As soon as you're running some IT services, there is one thing that you already know : you'll have downtimes, despite all your efforts to avoid those...

As the old joke says : "What's up ?" asked the Boss. "Hopefully everything !" answered the SysAdmin guy ....

You probably know that the CentOS infra is itself widespread, and subject to quick move too. Recently we had to announce an important DC relocation that impacts some of our crucial and publicly facing services. That one falls in the "scheduled and known outages" category, and can be prepared. For such "downtime" we always announced that through several mediums, like sending a mail to the centos-announce, centos-devel (and in this case , also to the ci-users) mailing lists. But even when we announce that in advance, some people forget about it, or people using (sometimes "indirectly") the concerned service are surprized and then ask about it (usually in #centos or #centos-devel on irc.freenode.net).

In parallel to those "scheduled outages", we have also the worst ones : the unscheduled ones. For those ones, depending on the impact/criticity of the impacted service, and also the estimated RTO, we also send a mail to the concerned mailing lists (or not).

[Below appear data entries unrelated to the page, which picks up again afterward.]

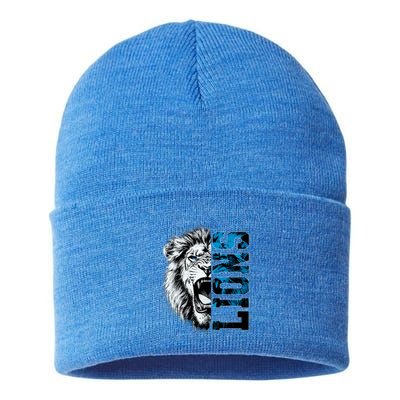 Graphic Lions Name Distressed Classic Lion Name Styles Funny Gift Sustainable Knit Beanie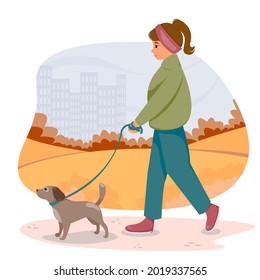 Chica en chaqueta caminando con perro corredizo en el parque de otoño. Ilustración vectorial.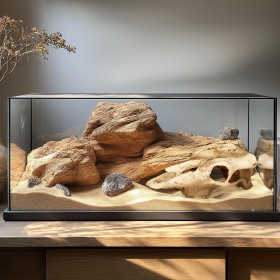 Dekoration av bisonhuvud för terrarium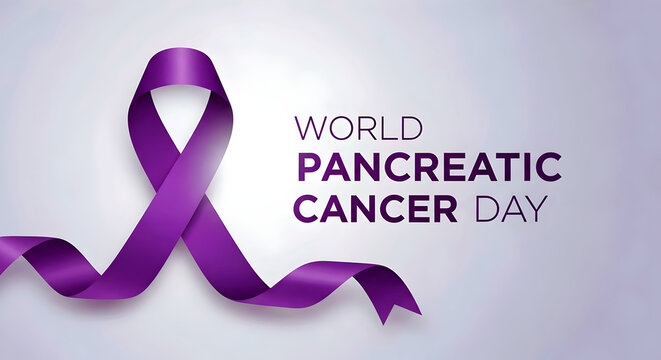 World Pancreatic Cancer Day Awareness with Purple Ribbon and Medical Health Concept - Powered by Adobe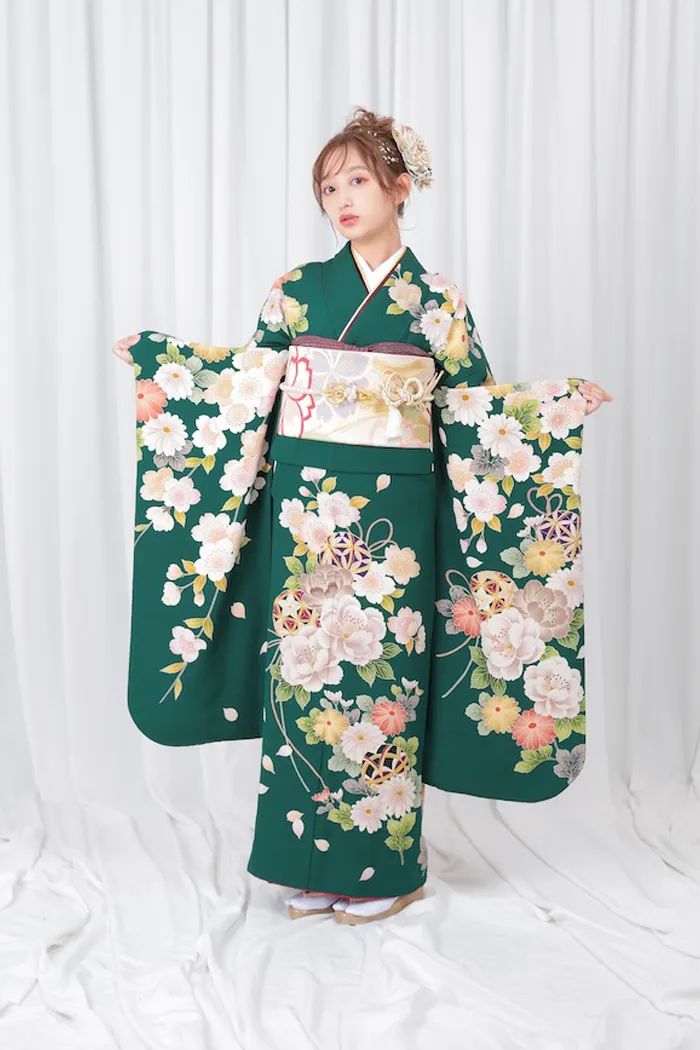 緑 桜 古典 S 155cm-165cm｜ネット専門振袖レンタルサービスFURISODE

So we just decided to show a very simple and public dashboard for the CentOS Infra, but only covering the publicly facing services, to have a quick overview of that part of the Infra. It's now live and hosted on https://status.centos.org.

We use Zabbix to monitor our Infra (so we build it for multiple arches, like x86_64,i386,ppc64,ppc64le,aarch64 and also armhfp) , including through remote zabbix proxies (because of our "distributed" network setup right now, with machines all around the world). For some of those services listed on status.centos.org, we can "manually" announce a downtime/maintenance period, but Zabbix also updates on its own that dashboard. The simple way to link those together was to use zabbix custom alertscripts and you can even customize those to send specific macros and have that alertscript just parsing and then updating the dashboard.

We hope to enhance that dashboard in the future, but it's a good start, and I have to thank again Patrick Uiterwijk who wrote that tool for Fedora initially (and that we adapted to our needs).